Coursera Data Science Specialization: Capstone Project

C. Euler
2017-03-19

Executive Summary

This presentation outlines the methodology behind the submitted next word prediction model.

  • A Shiny UI is used to enter a search string.
  • A Bayesian algorithm predicts the most likely next word based on a large database of text.
  • The found word is printed on screen.

Corpus

The corpus used for modeling is based on 5% of the Twitter, news and blog corpora available from the Coursera assignment page. The following steps were carried out to prepare:

  • Remove punctuation and numbers
  • Convert all letters to lower case
  • Remove stop words (e.g., “a”, “and”, “the”, …)
  • Remove extra white spaces.

Model

The model is based on Bayes' theorem that connects previous knowledge of different aspects of the problem to obtain a solution. Specifically, it determines the probability of an event B provided that A happen (\( P(B|A) \)) based on the reverse, \( P(A|B) \) and the separate probabilities \( P(A) \) and \( P(B) \) to be

\( P(B|A) = \frac{P(A|B)\cdot P(B)}{P(A)} \).
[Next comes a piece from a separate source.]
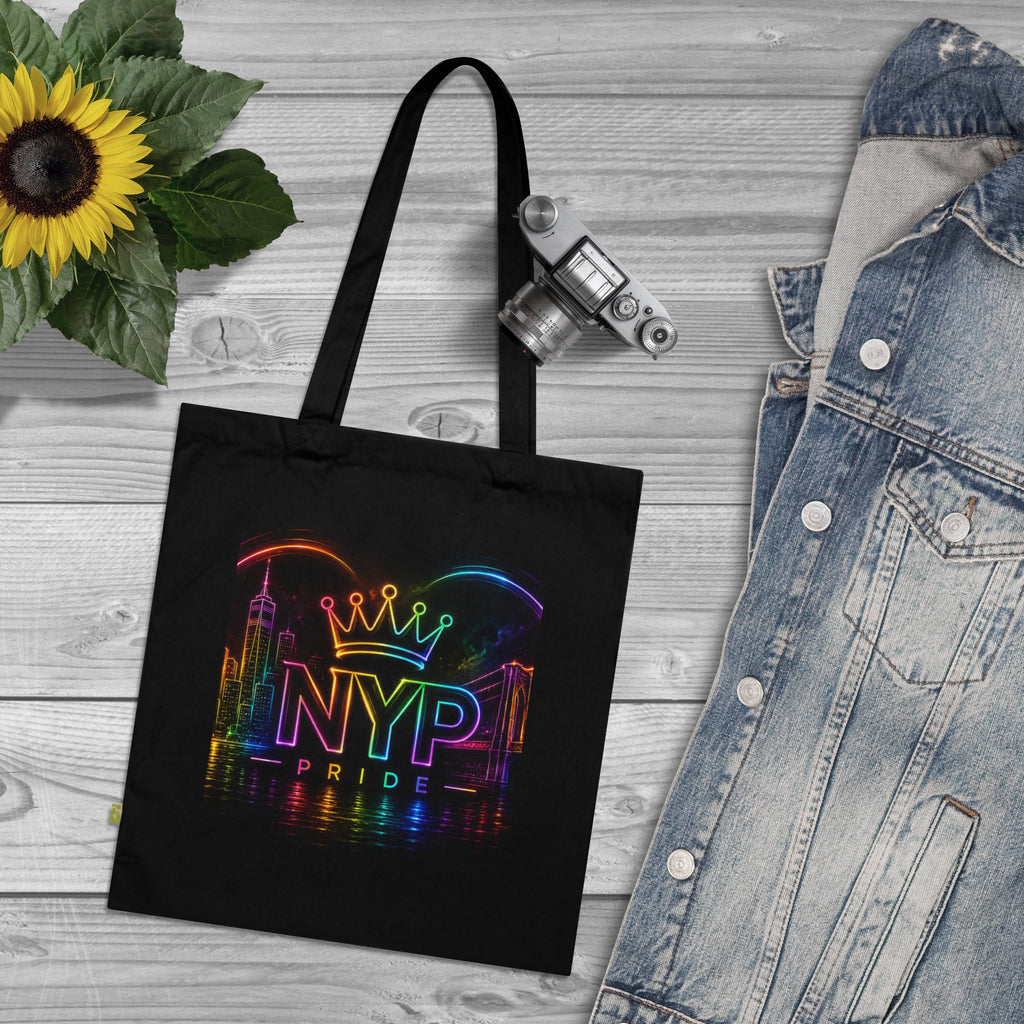 NYP CIty Equality Organic Cotton Tote Bag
In this context, \( A \) is the occurrence of a specific n-gram, \( B \) is that of a specific word and, thus, \( B|A \) the occurrence of a specific word in a specific n-gram.

Shiny App

The app is usable by simply typing in a word or phrase. The model result is printed in blue.

The shiny app is available at shinyapps.io.

The underlying code is available at github.